Predictive modelers told California regulators on Thursday that the state’s antiquated rules for calculating wildfire risk when setting property insurance rates discourage innovative mitigation measures that could ultimately reduce losses.

Nancy P. Watkins, a principal and consulting actuary for Milliman, said during a webcast on “home hardening” hosted by the state Department of Insurance that California is one of only three states that doesn’t allow insurers to use catastrophe modeling to determine wildfire risk. Rates must be based on historical losses.

Watkins said that is a “very simple” method of ratemaking. “It’s kind of like expecting the Rocky Mountains to be flat because we just drove through Kansas and Missouri,” she said.

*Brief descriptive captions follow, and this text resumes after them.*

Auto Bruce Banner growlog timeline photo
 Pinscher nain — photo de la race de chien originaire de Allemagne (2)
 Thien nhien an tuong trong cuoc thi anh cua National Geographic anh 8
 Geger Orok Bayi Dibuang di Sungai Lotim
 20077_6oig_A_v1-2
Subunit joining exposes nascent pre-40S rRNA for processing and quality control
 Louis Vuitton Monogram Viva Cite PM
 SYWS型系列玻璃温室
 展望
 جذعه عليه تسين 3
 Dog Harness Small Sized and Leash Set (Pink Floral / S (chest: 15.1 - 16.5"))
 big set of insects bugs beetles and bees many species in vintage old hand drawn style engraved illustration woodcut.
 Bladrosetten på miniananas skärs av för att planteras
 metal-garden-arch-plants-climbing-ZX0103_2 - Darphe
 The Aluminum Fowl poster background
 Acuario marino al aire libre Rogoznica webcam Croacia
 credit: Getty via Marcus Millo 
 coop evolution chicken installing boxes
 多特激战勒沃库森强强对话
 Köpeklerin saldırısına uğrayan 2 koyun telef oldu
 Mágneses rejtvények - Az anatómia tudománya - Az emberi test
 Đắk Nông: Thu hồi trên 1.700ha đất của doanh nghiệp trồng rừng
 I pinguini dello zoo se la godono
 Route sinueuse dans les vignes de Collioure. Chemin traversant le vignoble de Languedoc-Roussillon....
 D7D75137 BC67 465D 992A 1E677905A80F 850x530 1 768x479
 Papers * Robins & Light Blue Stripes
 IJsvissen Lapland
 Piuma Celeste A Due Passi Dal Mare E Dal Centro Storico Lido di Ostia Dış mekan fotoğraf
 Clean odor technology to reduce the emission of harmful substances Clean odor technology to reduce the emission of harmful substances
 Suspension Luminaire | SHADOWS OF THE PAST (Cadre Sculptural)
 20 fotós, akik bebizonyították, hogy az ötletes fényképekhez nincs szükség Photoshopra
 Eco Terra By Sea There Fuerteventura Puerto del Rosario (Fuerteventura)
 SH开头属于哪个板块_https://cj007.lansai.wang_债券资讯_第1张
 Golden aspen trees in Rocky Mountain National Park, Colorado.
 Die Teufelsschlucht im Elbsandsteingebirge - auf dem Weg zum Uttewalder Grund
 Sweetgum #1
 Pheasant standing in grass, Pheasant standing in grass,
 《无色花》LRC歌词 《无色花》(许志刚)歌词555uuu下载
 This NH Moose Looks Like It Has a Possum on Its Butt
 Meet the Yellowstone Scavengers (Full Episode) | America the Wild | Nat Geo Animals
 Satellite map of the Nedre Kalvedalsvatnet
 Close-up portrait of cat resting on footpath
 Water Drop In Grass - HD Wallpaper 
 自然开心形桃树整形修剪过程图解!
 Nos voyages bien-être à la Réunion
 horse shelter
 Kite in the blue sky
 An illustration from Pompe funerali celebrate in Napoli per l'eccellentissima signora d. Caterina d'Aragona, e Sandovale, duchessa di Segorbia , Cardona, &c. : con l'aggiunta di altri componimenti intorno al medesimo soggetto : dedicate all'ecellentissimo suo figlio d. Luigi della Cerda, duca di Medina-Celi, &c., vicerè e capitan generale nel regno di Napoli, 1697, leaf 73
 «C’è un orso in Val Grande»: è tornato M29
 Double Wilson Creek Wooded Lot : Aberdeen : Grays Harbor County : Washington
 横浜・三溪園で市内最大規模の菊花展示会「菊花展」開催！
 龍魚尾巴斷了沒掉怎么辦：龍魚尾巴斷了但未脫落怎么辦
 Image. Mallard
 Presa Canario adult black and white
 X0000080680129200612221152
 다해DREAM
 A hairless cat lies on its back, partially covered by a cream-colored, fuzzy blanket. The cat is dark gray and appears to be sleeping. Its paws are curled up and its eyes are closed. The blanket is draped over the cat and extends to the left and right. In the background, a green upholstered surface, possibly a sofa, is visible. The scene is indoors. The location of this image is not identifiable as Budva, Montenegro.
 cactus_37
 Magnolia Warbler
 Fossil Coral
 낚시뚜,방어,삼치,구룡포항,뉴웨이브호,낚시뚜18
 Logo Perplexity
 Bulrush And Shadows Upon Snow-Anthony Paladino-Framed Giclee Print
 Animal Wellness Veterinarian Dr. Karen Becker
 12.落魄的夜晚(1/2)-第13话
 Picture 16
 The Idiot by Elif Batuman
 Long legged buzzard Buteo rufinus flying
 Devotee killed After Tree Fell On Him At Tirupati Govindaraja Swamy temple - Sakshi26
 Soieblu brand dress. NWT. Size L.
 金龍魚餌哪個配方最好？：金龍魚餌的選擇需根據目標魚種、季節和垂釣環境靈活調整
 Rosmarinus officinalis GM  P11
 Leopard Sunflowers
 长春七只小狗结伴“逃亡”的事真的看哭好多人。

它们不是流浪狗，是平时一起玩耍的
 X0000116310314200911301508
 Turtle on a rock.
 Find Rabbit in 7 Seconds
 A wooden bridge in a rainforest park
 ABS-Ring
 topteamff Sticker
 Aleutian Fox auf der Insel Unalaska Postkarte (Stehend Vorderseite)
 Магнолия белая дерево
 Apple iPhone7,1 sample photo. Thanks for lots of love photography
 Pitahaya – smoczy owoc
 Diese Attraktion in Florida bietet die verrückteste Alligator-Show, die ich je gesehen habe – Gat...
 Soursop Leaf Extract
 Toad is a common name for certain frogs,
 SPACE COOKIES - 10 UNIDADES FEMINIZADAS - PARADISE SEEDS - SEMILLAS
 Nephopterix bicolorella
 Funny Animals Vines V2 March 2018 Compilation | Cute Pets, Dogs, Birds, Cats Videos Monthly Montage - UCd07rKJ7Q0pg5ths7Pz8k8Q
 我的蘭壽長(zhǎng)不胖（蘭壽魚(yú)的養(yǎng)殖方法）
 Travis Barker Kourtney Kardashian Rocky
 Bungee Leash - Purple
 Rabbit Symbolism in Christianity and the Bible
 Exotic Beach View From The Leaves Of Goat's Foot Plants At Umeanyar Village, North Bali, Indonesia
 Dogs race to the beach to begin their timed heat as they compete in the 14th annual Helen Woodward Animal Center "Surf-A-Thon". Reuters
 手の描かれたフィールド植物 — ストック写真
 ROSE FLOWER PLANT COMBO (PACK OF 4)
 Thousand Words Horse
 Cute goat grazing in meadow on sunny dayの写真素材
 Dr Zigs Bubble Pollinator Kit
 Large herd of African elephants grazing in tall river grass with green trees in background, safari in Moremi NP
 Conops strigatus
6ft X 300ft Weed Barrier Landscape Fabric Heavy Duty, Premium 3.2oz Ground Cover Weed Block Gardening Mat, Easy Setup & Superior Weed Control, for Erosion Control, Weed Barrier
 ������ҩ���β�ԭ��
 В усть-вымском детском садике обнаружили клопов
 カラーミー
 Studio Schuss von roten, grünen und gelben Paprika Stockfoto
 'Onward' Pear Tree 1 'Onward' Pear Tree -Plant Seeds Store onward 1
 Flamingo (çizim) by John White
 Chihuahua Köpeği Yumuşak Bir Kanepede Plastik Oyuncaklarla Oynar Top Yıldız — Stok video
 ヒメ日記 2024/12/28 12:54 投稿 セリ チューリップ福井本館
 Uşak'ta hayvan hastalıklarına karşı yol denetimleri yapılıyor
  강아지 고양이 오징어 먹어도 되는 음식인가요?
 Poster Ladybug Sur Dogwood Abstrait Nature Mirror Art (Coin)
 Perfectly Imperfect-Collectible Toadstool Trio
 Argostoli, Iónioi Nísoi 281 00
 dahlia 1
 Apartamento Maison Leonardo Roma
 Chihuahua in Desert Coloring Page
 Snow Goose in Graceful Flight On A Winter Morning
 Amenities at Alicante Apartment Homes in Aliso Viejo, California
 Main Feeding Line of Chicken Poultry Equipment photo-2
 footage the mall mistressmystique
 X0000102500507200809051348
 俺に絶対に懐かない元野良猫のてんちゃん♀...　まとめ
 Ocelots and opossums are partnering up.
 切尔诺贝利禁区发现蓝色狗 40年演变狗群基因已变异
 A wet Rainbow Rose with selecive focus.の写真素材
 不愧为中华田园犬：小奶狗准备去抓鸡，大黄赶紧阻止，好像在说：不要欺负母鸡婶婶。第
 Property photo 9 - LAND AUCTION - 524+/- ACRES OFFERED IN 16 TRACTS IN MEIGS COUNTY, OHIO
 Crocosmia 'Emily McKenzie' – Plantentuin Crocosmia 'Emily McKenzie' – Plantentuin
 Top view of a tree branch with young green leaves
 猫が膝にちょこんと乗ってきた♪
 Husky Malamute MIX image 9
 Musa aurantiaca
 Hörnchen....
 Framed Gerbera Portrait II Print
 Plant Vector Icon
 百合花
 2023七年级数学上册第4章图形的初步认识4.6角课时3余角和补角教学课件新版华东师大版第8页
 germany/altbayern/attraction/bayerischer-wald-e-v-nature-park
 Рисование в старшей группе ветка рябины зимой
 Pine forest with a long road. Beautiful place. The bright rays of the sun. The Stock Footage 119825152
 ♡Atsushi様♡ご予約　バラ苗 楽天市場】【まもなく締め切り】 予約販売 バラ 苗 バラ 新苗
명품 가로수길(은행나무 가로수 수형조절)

California Insurance Commissioner Ricardo Lara held the Thursday morning webcast to hear opinions on whether using catastrophic modeling in ratemaking will make homeowners’ insurance more affordable, and how wildfire mitigation measures may reduce the spread and risk of future wildfires.

Watkins gave testimony along with representatives for Risk Management Solutions, AIR Worldwide, Karen Clark & Co., AIR Worldwide, CoreLogic and AIS Risk Solutions. Their combined message: Catastrophic modeling can encourage mitigation measures, such as installing fire-resistant vents on roof openings and fireproof materials for fences and decks by more accurately predicting risk.